Attraverso le storie di coraggio di queste tre donne, provenienti da tre paesi – rispettivamente appunto Iran, Afghanistan e Ucraina – dove le loro connazionali e sorelle vedono negati i loro diritti fondamentali, abbiamo ribadito che le discriminazioni di genere non sono mai giustificate e ci siamo confrontati su cosa le istituzioni italiane e internazionali possono fare per cancellare una volta per tutte la disparità di genere ed eliminare le cause che portano alla negazione di alcuni diritti fondamentali.
Con l’intento di sottolineare, a pochi giorni di distanza dall’8 marzo, che è importante non solo celebrare le conquiste sociali, economiche e politiche ottenute, ma anche denunciare le discriminazioni e le violenze di cui le donne sono ancora vittime in ogni parte del mondo.
Difendere i diritti
Sono felice di vedere sempre più ragazzi e ragazze appassionati di politica e geopolitica che, scorrendo le pagine, si informano leggendo di ciò che accade nei paesi colpiti dalle guerre, ma il loro sforzo va sostenuto mostrando che dietro quelle narrazioni ci sono storie concrete, c’è purtroppo morte, distruzione e sofferenza. Ci sono delle persone, in carne ed ossa.
L’iniziativa, ospitata in parlamento e magistralmente condotta da Tiziana Ferrario, ha chiarito che le violazioni dei diritti delle donne ci riguardano tutti da vicino, anche quando accadono in paesi apparentemente lontani: lo sbaglio più grande che possiamo fare è abituarci alla guerra, alla fame, alla violenza. Alla disperazione di chi ha perso tutto ed è costretto ad abbandonare il proprio paese attraverso il mare per scappare, sfuggire alle torture, sopravvivere o evitare che madri, figlie o mogli vengano stuprate. Diventare insomma indifferenti.
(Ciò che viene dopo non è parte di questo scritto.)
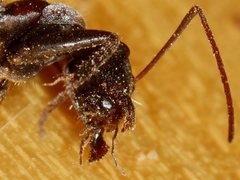 Camponotus ephippium ephippium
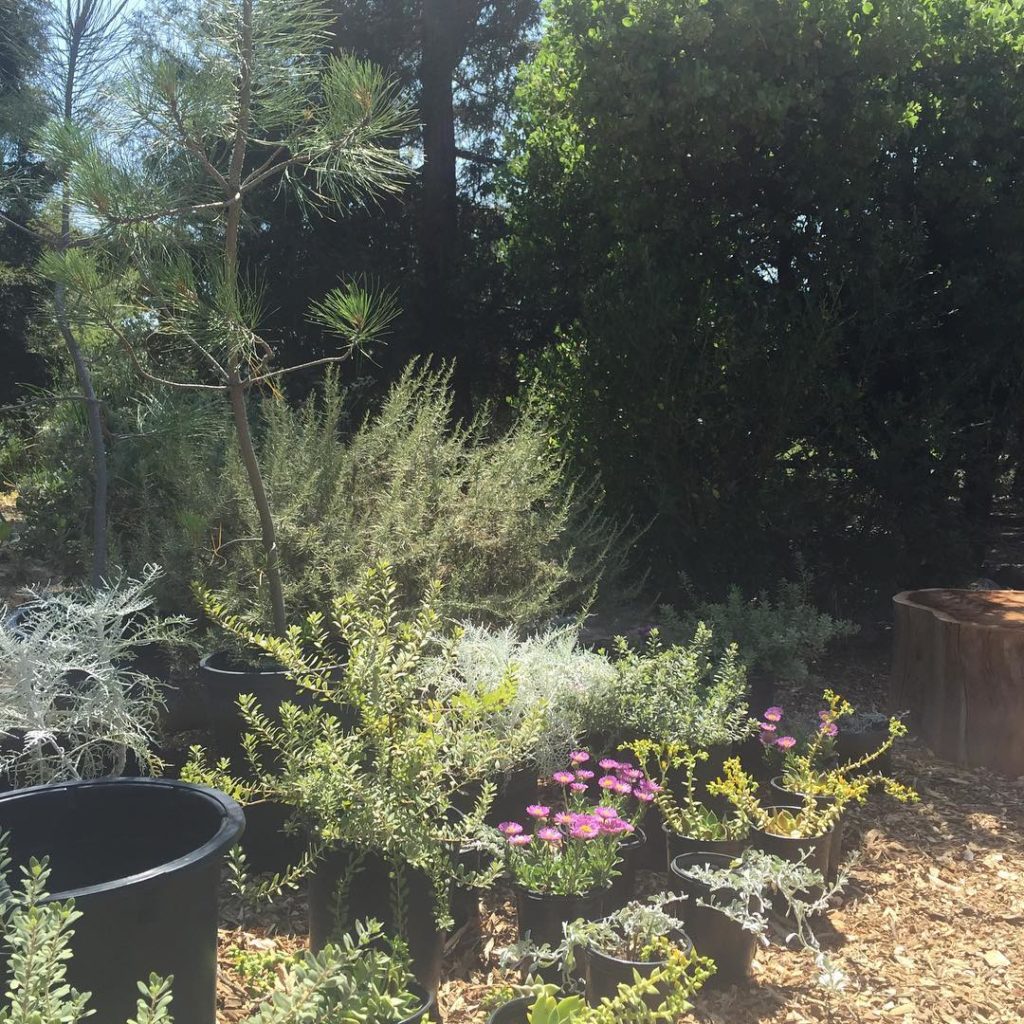 @gardendesignmag: Coastal Wonder” vignette at the @treeoflifenursery in #orangecounty 1 of 6 prese…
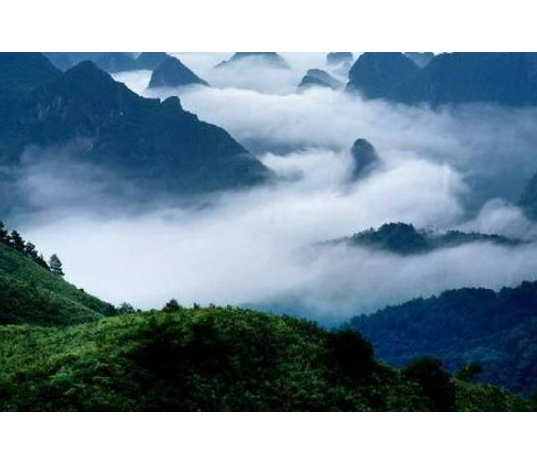 海南壩王嶺國家級自然保護區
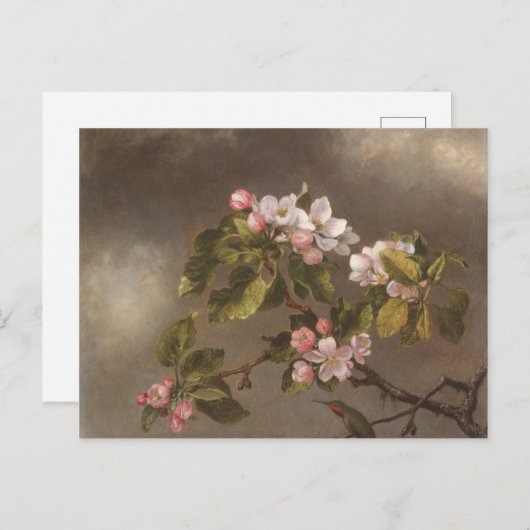 Hummingbird and Apple Blossom Briefkaart (Voorkant / Achterkant)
Dal movimento dei giovani iraniani, alla battaglia afgana per l’istruzione, fino alla resistenza in Ucraina: le donne sono protagoniste delle battaglie epocali del nostro tempo. È arrivato il momento di dimostrare che sappiamo unirci e fare rete, facendo spazio ad altre donne e sostenendole, con la consapevolezza che nessuna conquista è data una volta per tutte. Neppure qui da noi. Ed è giusto che il parlamento sia e si senta pienamente impegnato nello sforzo a difesa dei diritti.
Queste iniziative, lo so bene, non sono altro che una goccia nel mare che, tuttavia, spero alimentino, diano forza e costanza allo sforzo e a quello slogan che in Iran è stato scelto come riferimento di tutte le battaglie e che ieri abbiamo voluto fare nostro: donna, vita, libertà. Per questo lottiamo, per questo ci battiamo e per questo continueremo a camminare. Insieme.